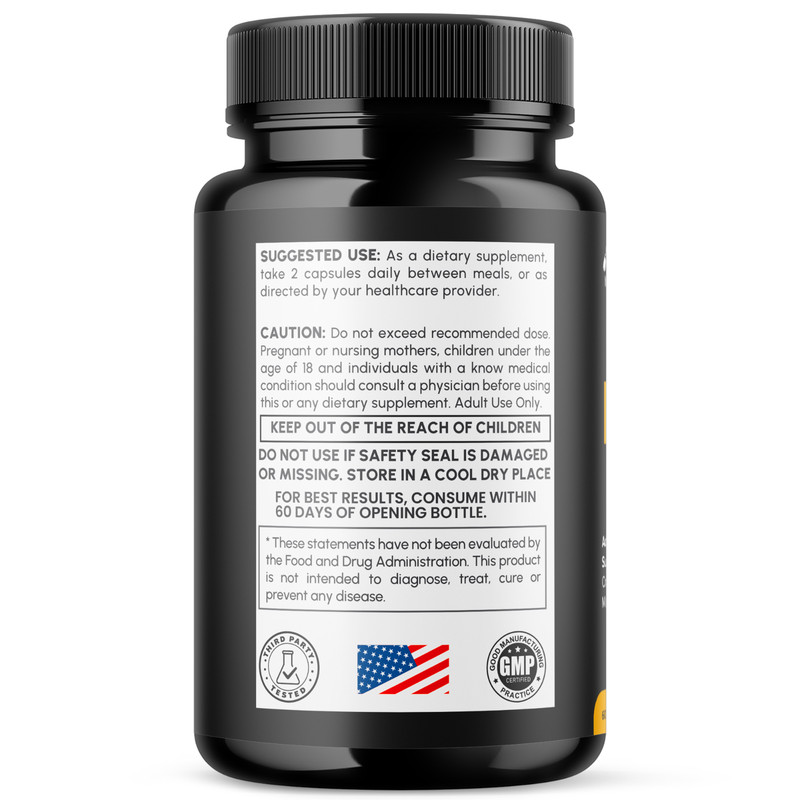 (2 Pack) Lean Peak Advanced Energy & Fitness Formula VItamin LeanPeak 120 Caps gallery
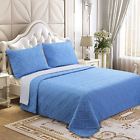 811610031007 Efactorytome Lorient Home Gsm Microfiber Embossed Pc Quilt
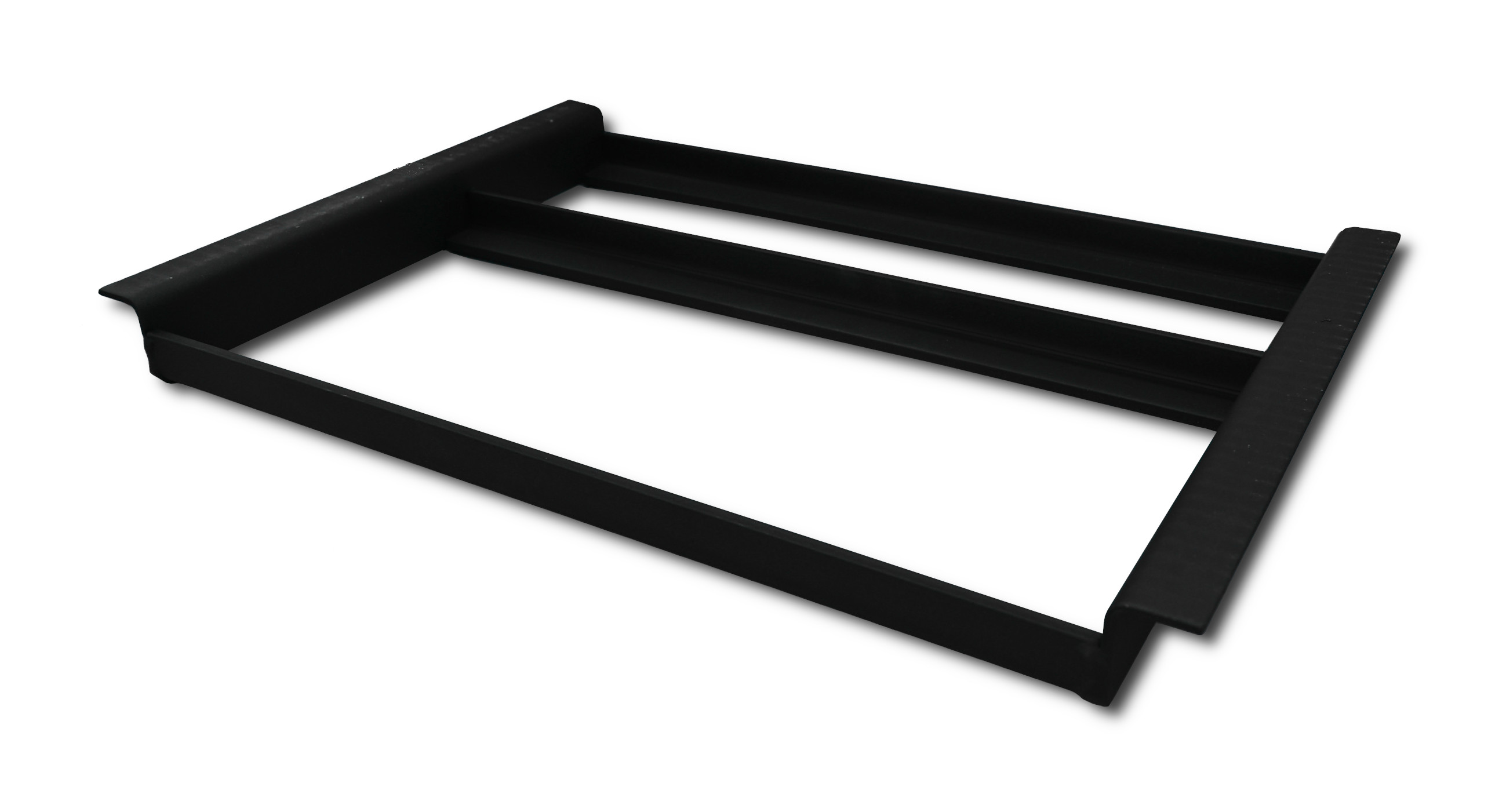 Fireplace Capri steun vlamplaat A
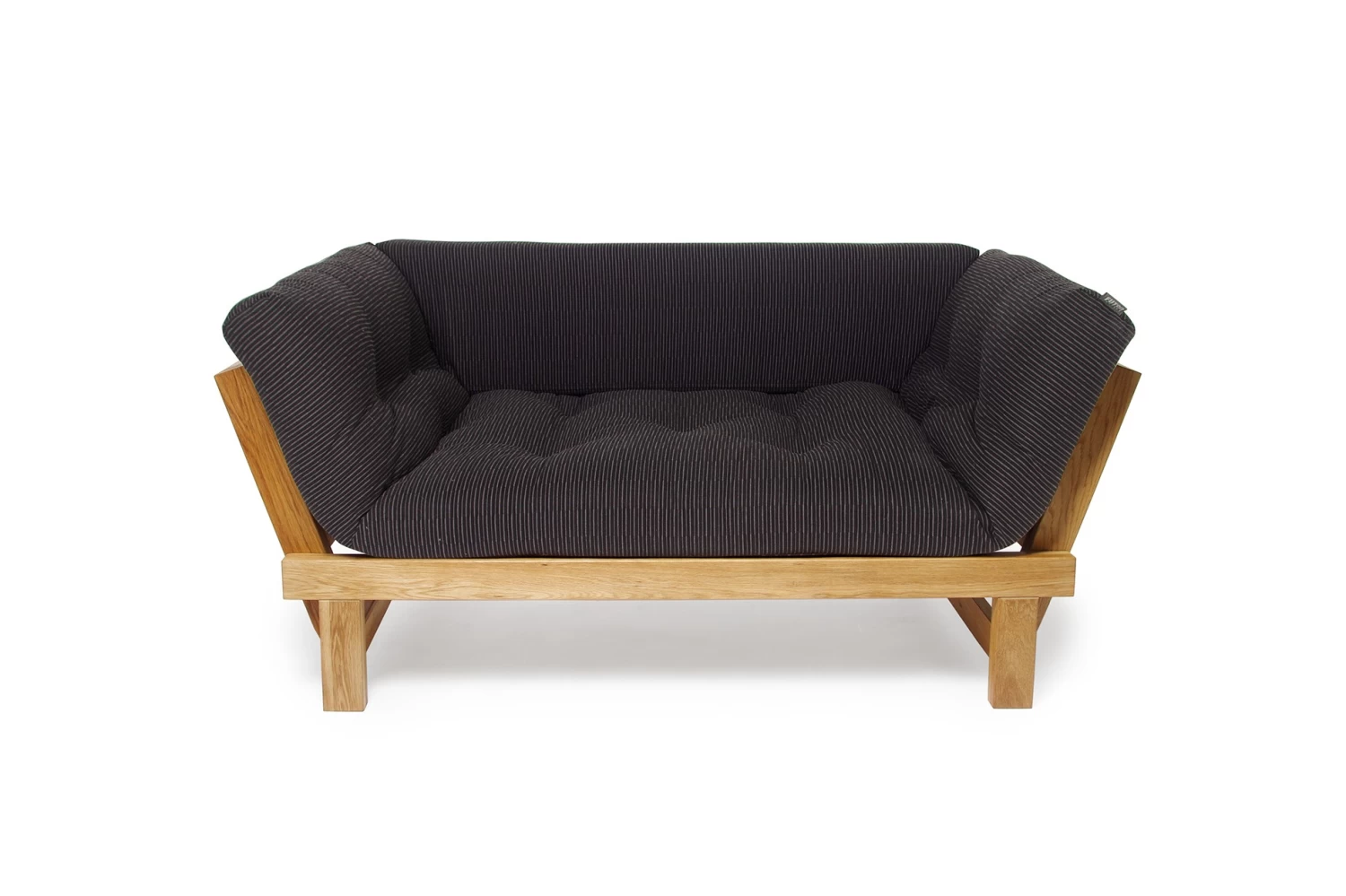 Oak Switch Sofa Bed (SPC) 2 Oak Switch Sofa Bed (SPC) - Image 2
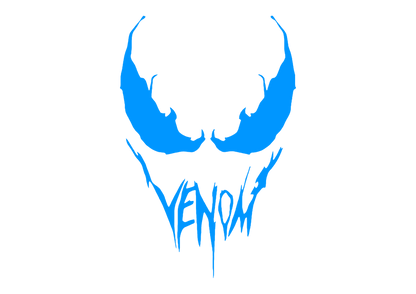 Sticker - VENOM
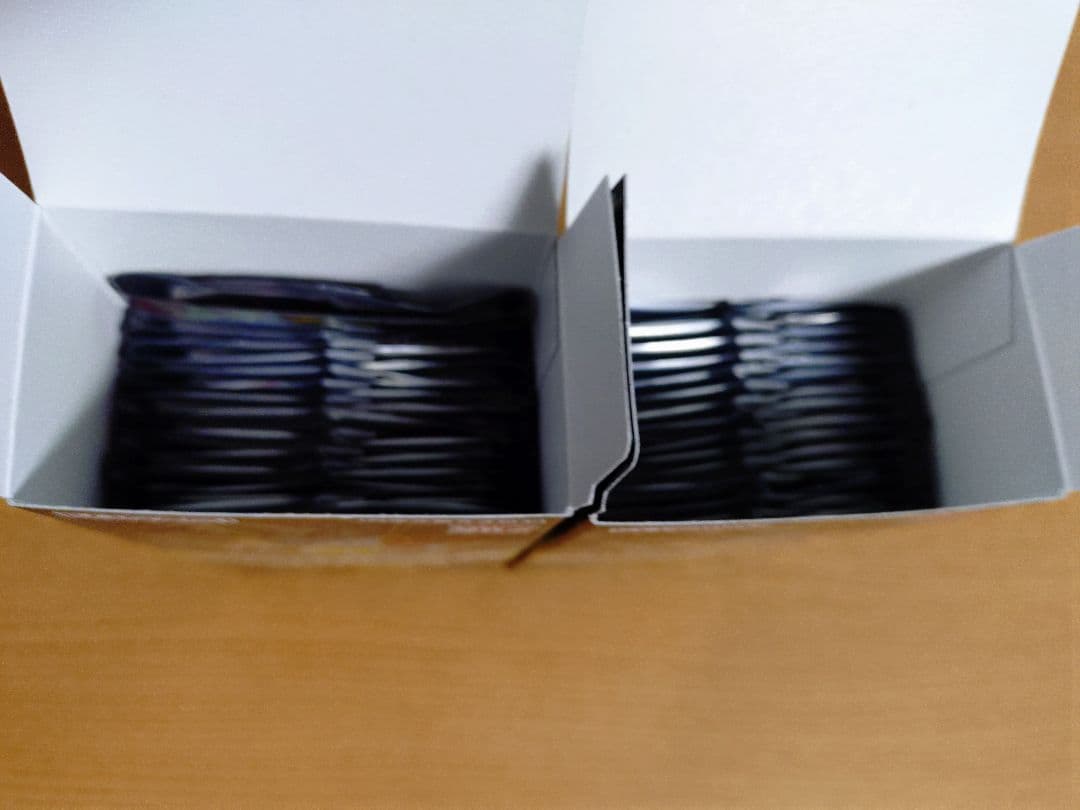 遊戯王 QUARTER CENTURY ART COLLECTION 開封済2箱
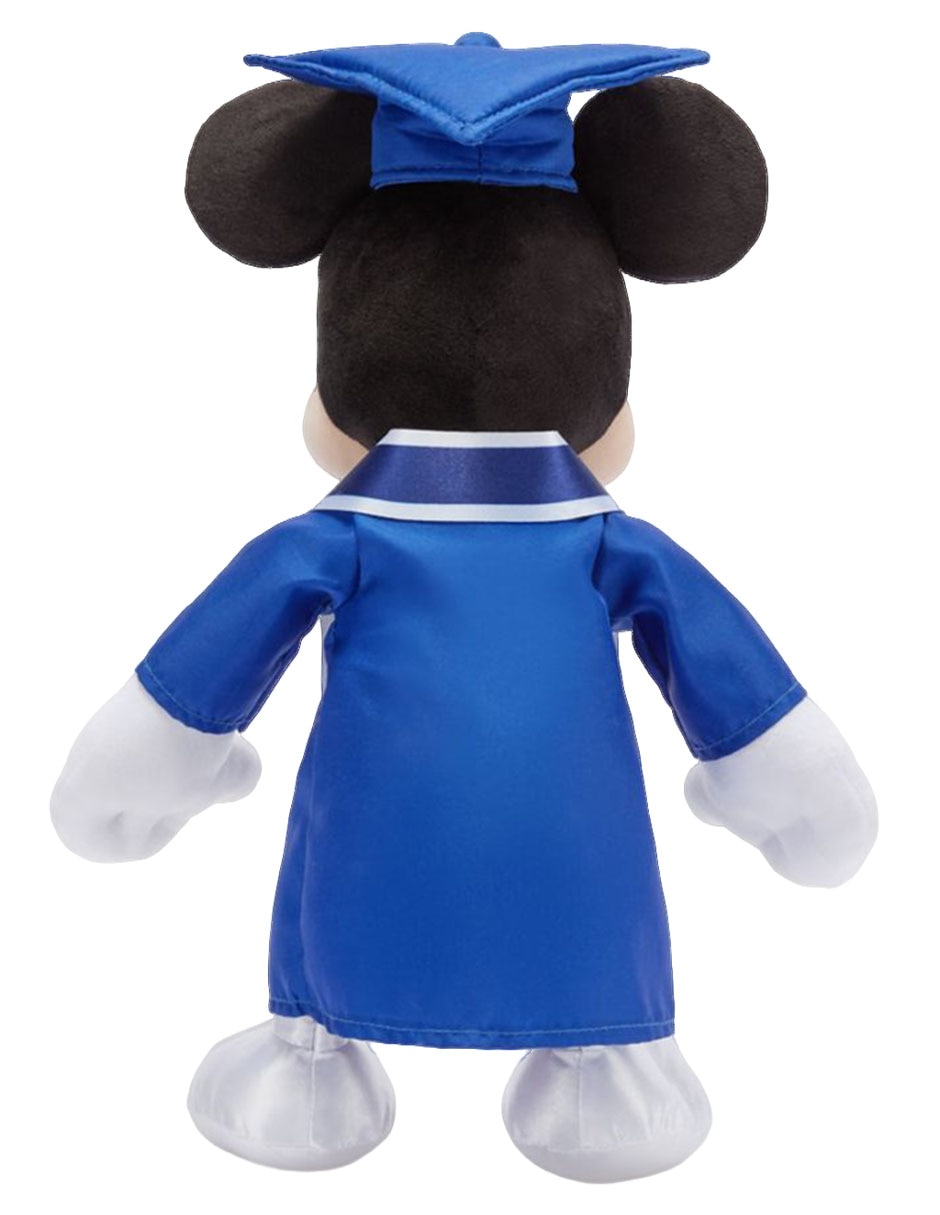 Peluche de Mickey Mouse de 25 cm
···
The pictures stay out; repeat exactly the lines from the one with "811610031007 Efactorytome Lorient" to the end of the entries above, and nothing else.

 811610031007 Efactorytome Lorient Home Gsm Microfiber Embossed Pc Quilt
 Fireplace Capri steun vlamplaat A
 Oak Switch Sofa Bed (SPC) 2 Oak Switch Sofa Bed (SPC) - Image 2
 Sticker - VENOM
 遊戯王 QUARTER CENTURY ART COLLECTION 開封済2箱
 Peluche de Mickey Mouse de 25 cm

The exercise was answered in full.